→ **DATA SECTION**
*** Begin section ***

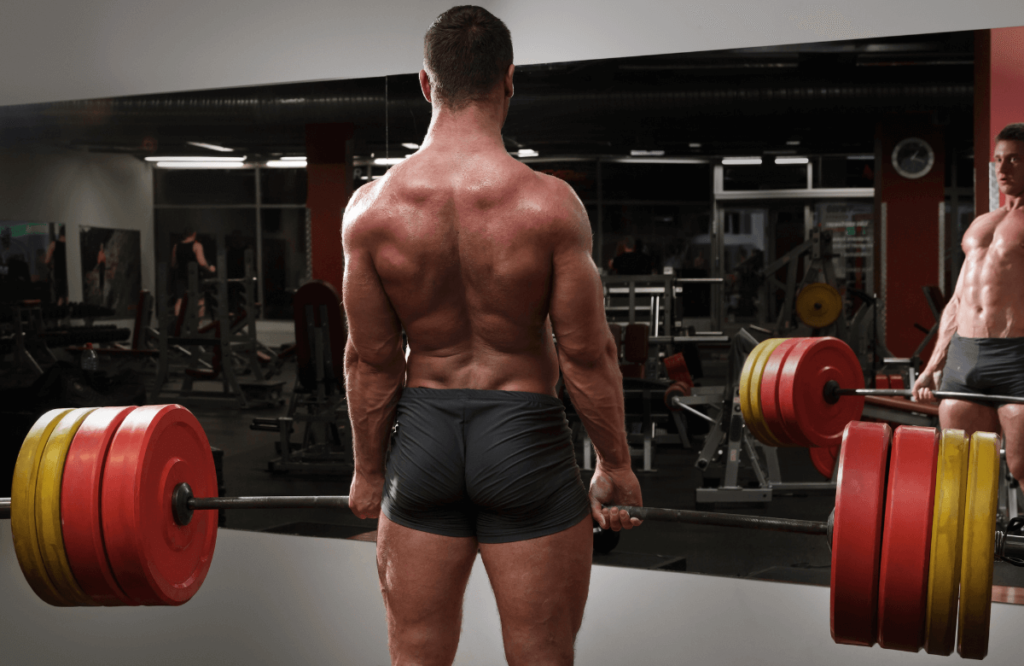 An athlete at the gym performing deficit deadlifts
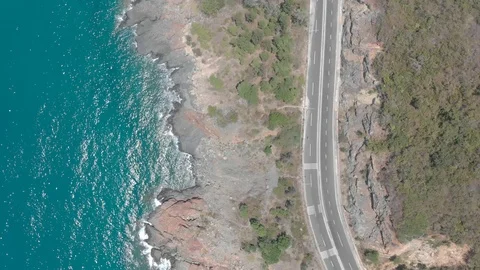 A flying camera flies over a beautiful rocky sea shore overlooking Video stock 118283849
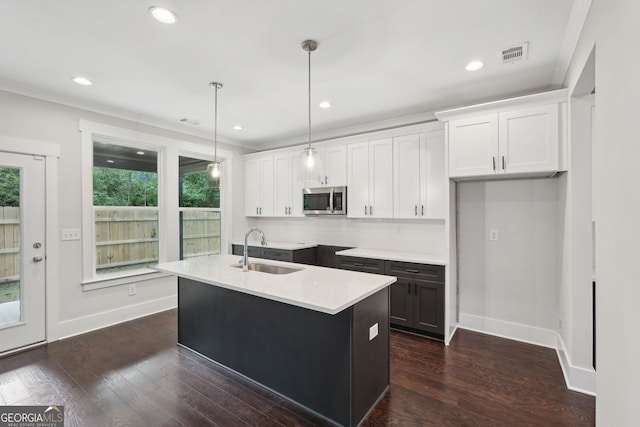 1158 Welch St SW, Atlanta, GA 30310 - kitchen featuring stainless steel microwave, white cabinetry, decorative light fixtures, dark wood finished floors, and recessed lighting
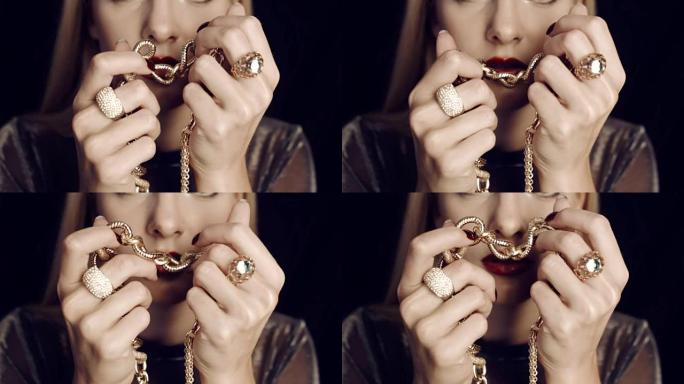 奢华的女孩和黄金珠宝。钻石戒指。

*** End section ***

→ **ACTIVITY**
Write the material out again exactly. Do not include the pictures.

→ **EXERCISE SOLUTION**
 An athlete at the gym performing deficit deadlifts
 A flying camera flies over a beautiful rocky sea shore overlooking Video stock 118283849
 1158 Welch St SW, Atlanta, GA 30310 - kitchen featuring stainless steel microwave, white cabinetry, decorative light fixtures, dark wood finished floors, and recessed lighting
 奢华的女孩和黄金珠宝。钻石戒指。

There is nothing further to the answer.